Migrant workers in Lebanon, like in many parts of the world, are deprived of their basic freedoms. This is most apparent when assessing their precarious living conditions under the Kafala system – a legal framework that ties a foreign worker’s legal status directly to their employer.
This system has been harshly criticized by right groups as a form of modern day slavery, most notably because it gives employers the power to trap their worker in a cycle of abuse by withholding their salaries and passport.
It’s in this context, where migrant workers are denied any form of state protection, that the Lebanese Anti-Racism Movement established the MCC in 2011. Through offering computer and language classes, the center quickly became an invaluable support network for hundreds of migrants living and working in Beirut. However, those staying outside of the capital were unable to benefit from their services, until now.
Haydar, a 27-year-old Sudanese man living in Sidon, said that having a community center for migrants in the city is a huge blessing because it will provide a safe space to evade the everyday racism that he encountered.
“We’re black and that’s why my friends and I have never had a comfortable place to relax,” he said, while smoking a cigarette on the balcony of the center. “It is hard to be black in this country. But this place [MCC] is great because nobody cares about where you are from.”
Haydar works as a doorman for a company in Sidon that pays him $300 a month, an amount well below the minimum wage of $450.
Domestic workers from Sudan often make half as much according to Gemma, who insists that the MCC will work tirelessly to raise awareness about the semblance of rights that migrant workers are supposed to have.
“There is a need to communicate to all migrant workers that they have a right to a day off,” Gemma said. “We want the MCC to be a place where their [migrant] voices can be heard.”
Though the MCC continues to do its part, the Lebanese government hasn’t expressed a political will to endorse migrant rights. The government has failed to enforce a compulsory contract that the Labor Ministry presented in 2009.
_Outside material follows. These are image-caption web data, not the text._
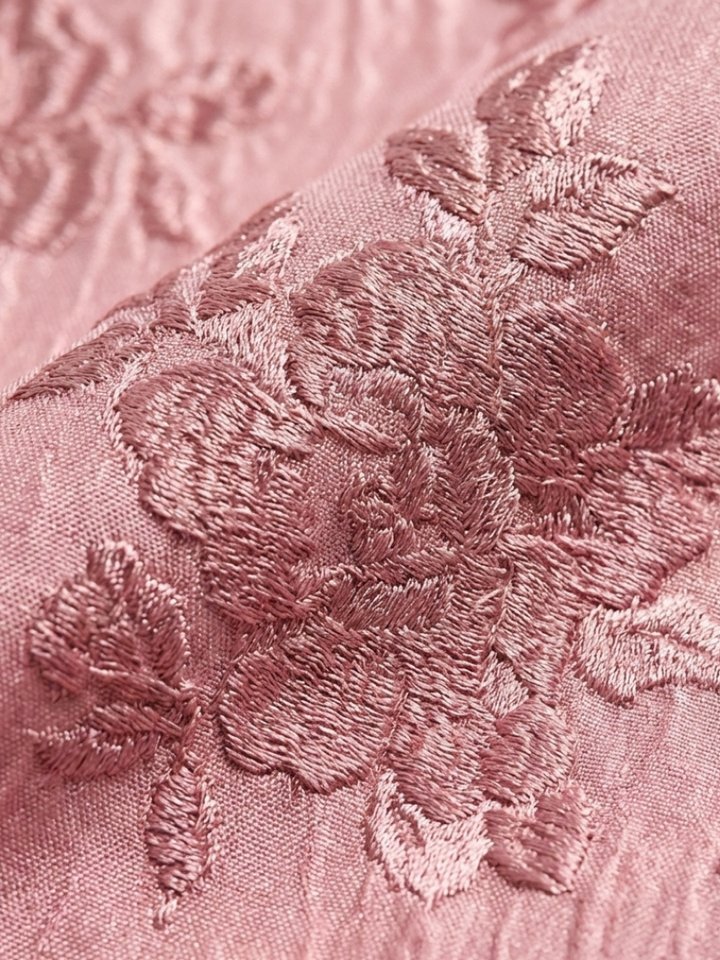 Xanthea | Kurzärmeliges, gebundenes, floral strukturiertes Maxikleid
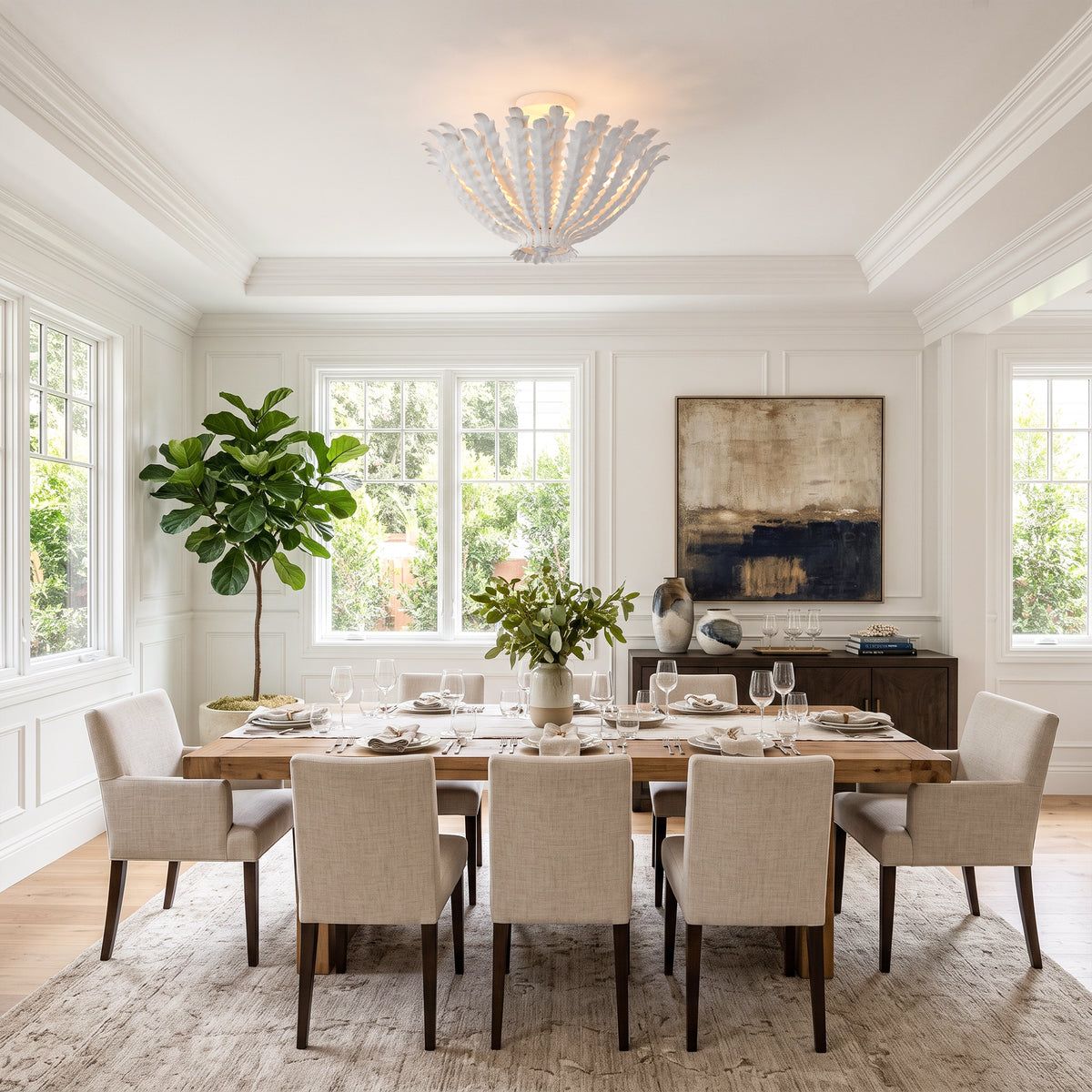 Spencer 3-Light Leaf-Inspired Semi-Flush Ceiling Light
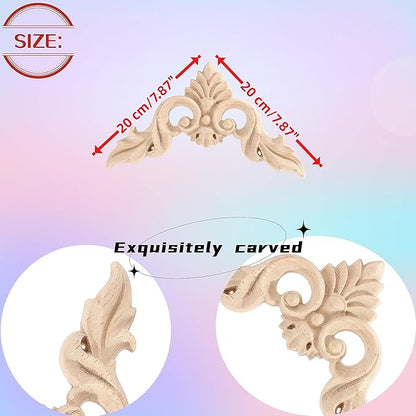 4PCS Corner Wooden Carving Decal Unpainted Wood Appliques Onlays DIY Wood Carved Furniture Appliques Onlays for Wall Bed Door Wardrobe Cabinet Furniture Decoration(08,20x20cm/7.87x7.87inch)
The contract required employers to uphold the basic working conditions such as paying workers on time and covering their health insurance.
Some workers have nonetheless managed to better their lives despite the obstacles in their way. Sayed, a 36-year-old Sudanese refugee who has lived in Sidon for six years, said that he traveled to the MCC in Beirut every Sunday to benefit from their English courses. Showing The Daily Star his certificate which confirmed his intermediate language level, he notes that having an MCC in Sidon will help him build on the progress he’s achieved so far.
“We only receive some aid from Caritas here so life can be very hard for us,” he said, as he folded his certificate and placed it back in his pocket. “I’m so happy to have this center here. I want to use it to continue my studies.”
The MCC’s newest branch in the south is the first of two steps to expand their services across the country. Tarek Kishawi, the MCC coordinator in Sidon, said that the Anti-Racism Movement also plans to open a center in towns north of Beirut this year.
“Besides offering language and computer classes, we plan to hold workshops about refugee rights, migrant rights and labor rights,” Tarek said. “We also want to have a free health day where doctors can come in to do some basic checkups.”
Despite the resources the center offers, its significance is much greater than the services it provides. The MCC embodies a community that celebrates diversity and challenges prejudice, which are the fundamental attributes for why it has continued to grow.
“There was a need to build a community center here in the south,” Tarek said. “And this is our ultimate aim, to build a community of migrant workers.”